Ma l’ultima vendetta del quartetto fu una canzone, Death on Two Legs, pubblicata nell’album A Night at the Opera. Il testo non nominava mai il manager, ma le allusioni erano pesantissime: «Succhi il mio sangue come una sanguisuga», «Hai preso tutti i miei soldi e vuoi di più», «Sei un topo di fogna che si decompone in un pozzo nero di boria». Si narra che il testo fosse così esplicito che lo stesso Mercury finì per vergognarsene e che fu Brian May a convincerlo comunque a portare a termine la canzone. Sta di fatto che Sheffield, ormai licenziato, ascoltato il brano fece causa ai Queen.
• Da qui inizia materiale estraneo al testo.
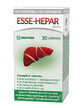 Esse-Hepar Forte 30 comprimate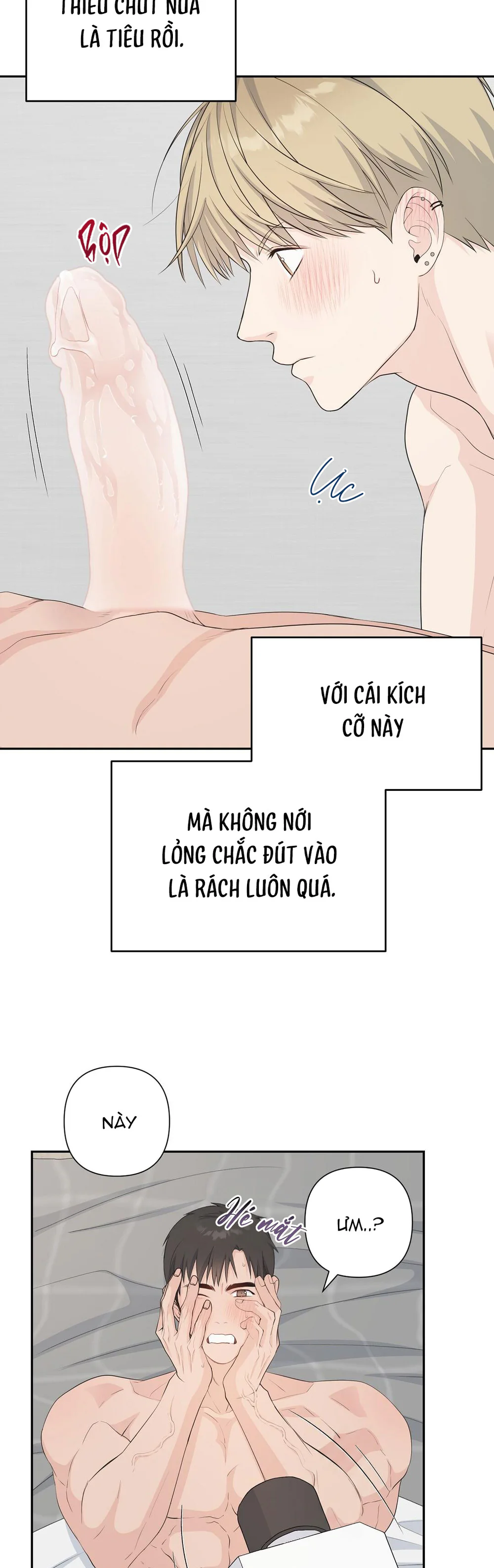 Candy YumYum Chapter 18 Trang 15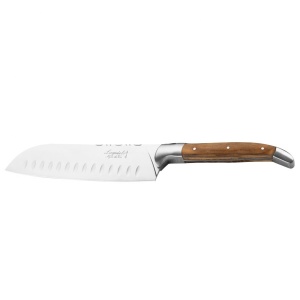 Cutit Laguiole Santoku Olive Knife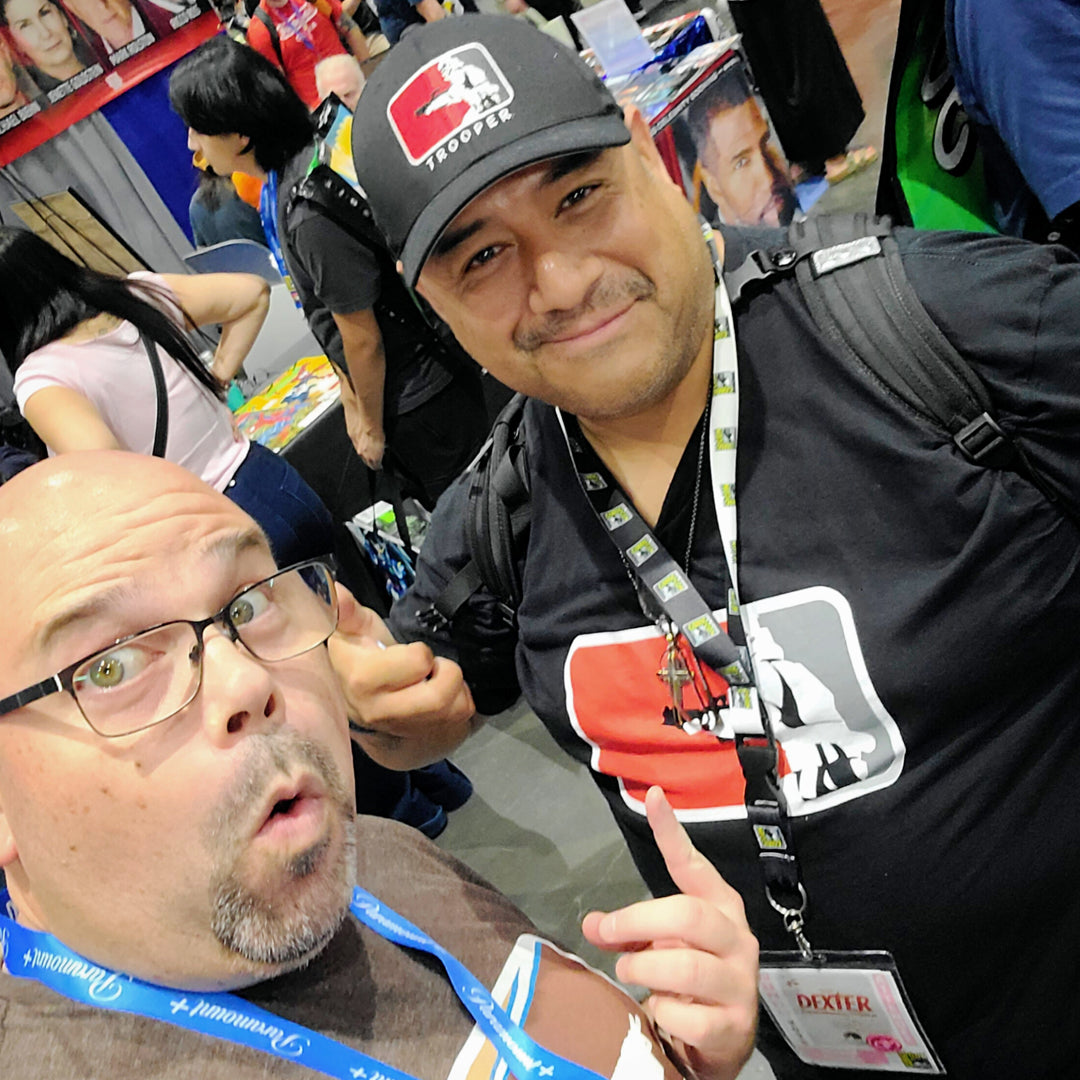 Graphic Lab | Major League Trooper Unisex Tee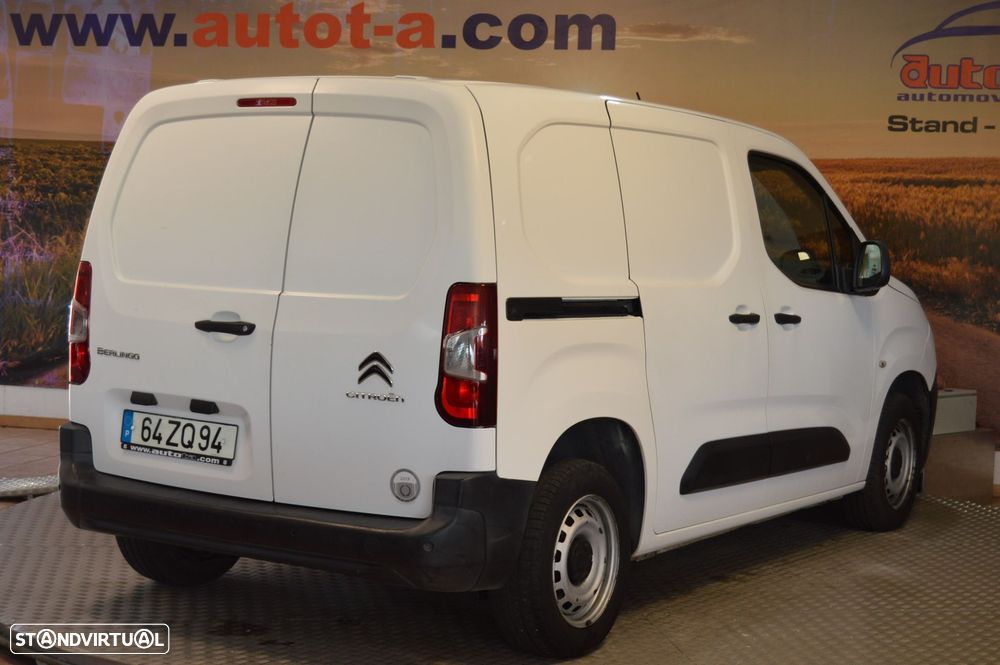 Citroën Berlingo Outro - 3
Nel 2013 ha cercato di dare la sua versione dei fatti in un libro di memorie dal titolo Life on Two Legs: Set the Record Straight. È morto nel 2014 e Brian May lo ha ricordato con un saluto affettuoso, ma distaccato: «Abbiamo avuto le nostre divergenze, ma nel grande schema delle cose, tutta l’acqua è ormai passata da tanto tempo sotto il ponte».

ANGELO CUSTODE

In questo mondo fatto di violenza e tradimenti c’è spazio anche per storie a lieto fine. Dave Grohl nella sua recente biografia Storyteller che negli Stati Uniti ha venduto più di 300mila copie (in Italia pubblicata da Rizzoli) ha solo parole di grande amicizia per il suo tour manager Gus Brandt. Un angelo custode che lo tira fuori di cella da una prigione australiana e, sempre durante una tournée dei Foo Fighters agli antipodi, gli organizza e lo accompagna in un furioso tour de force, una non stop Australia-California-Australia che gli consente nell’arco di tre giorni di suonare due date del tour e contemporaneamente non perdersi una recita scolastica della figlia.
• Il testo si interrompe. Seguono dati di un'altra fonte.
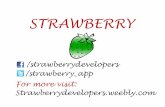 IMPORTANT ENGINEERING MATERIALS - Strawberrystrawberrydevelopers.weebly.com/uploads/5/2/3/5/...Applications of nanomaterials •Nanomaterials in Medicine: •Nanorobots (nanobots)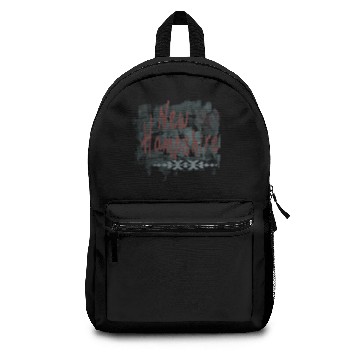 Discover New Hampshire love Backpacks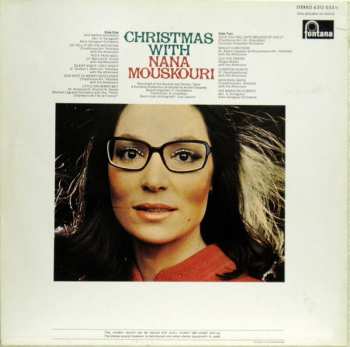LP Nana Mouskouri: Christmas With Nana Mouskouri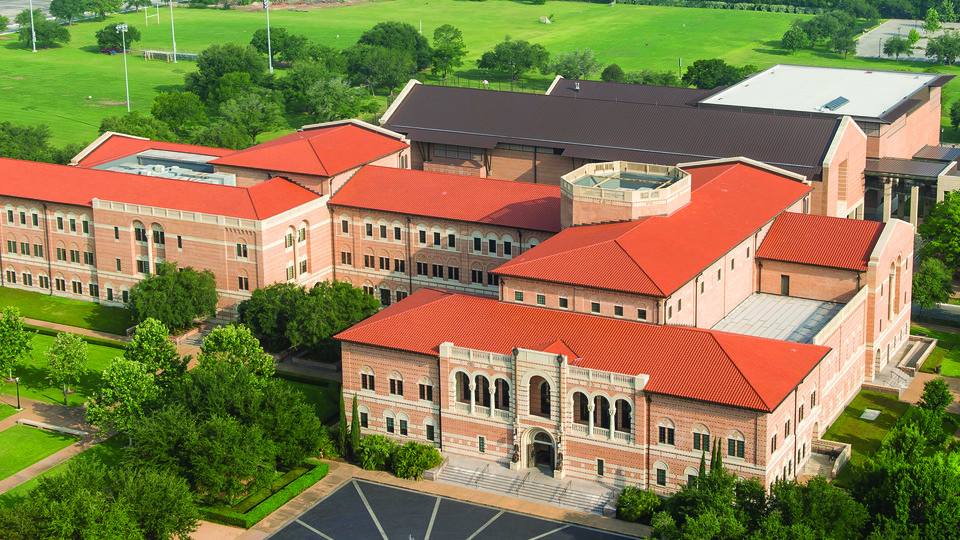 McNair Hall, Rice University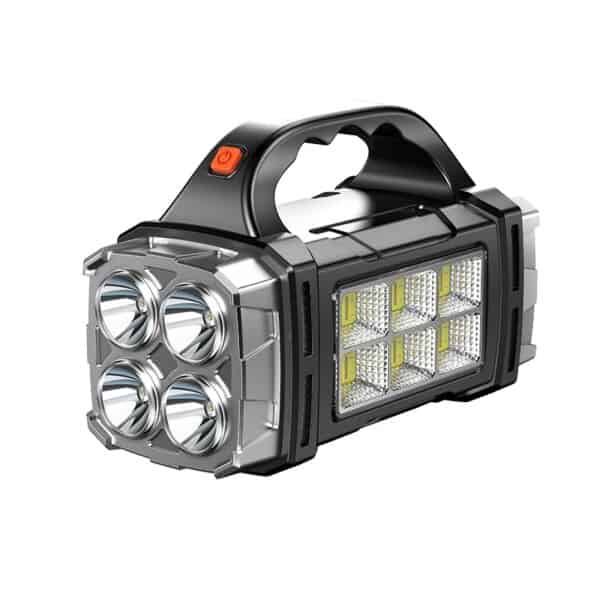 פנס חירום סולארי עוצמתי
E in un mondo che spesso ha marginalizzato le donne, se non addirittura trattandole come oggetti, spicca la coraggiosa Kim Hawes che ha lavorato per trent’anni come tour manager di artisti rock. Tra i suoi clienti Elvis Costello, Chumbawamba, Hawkwind, Black Sabbath, Rush. Per dieci anni è stata con i Motörhead. Ha pubblicato una biografia, Confessions of a Female Tour Manager, nel 2019. Non si è mai piegata agli stereotipi del rock. «La mia – ha scritto – è la storia di una donna in un mondo di uomini. Non mi ha mai interessato essere ‘uno dei ragazzi’, o di provare di essere al loro livello. Vestivo scarpe di marca e non anfibi, avevo le unghie smaltate invece dei tatuaggi e avevano una penna di Tiffany in tasca e non una brugola. In trent’ anni non ho mai corso, non ho mai urlato, non mi sono mai concessa e non mi sono mai arresa». Anche questo è rock’n’roll.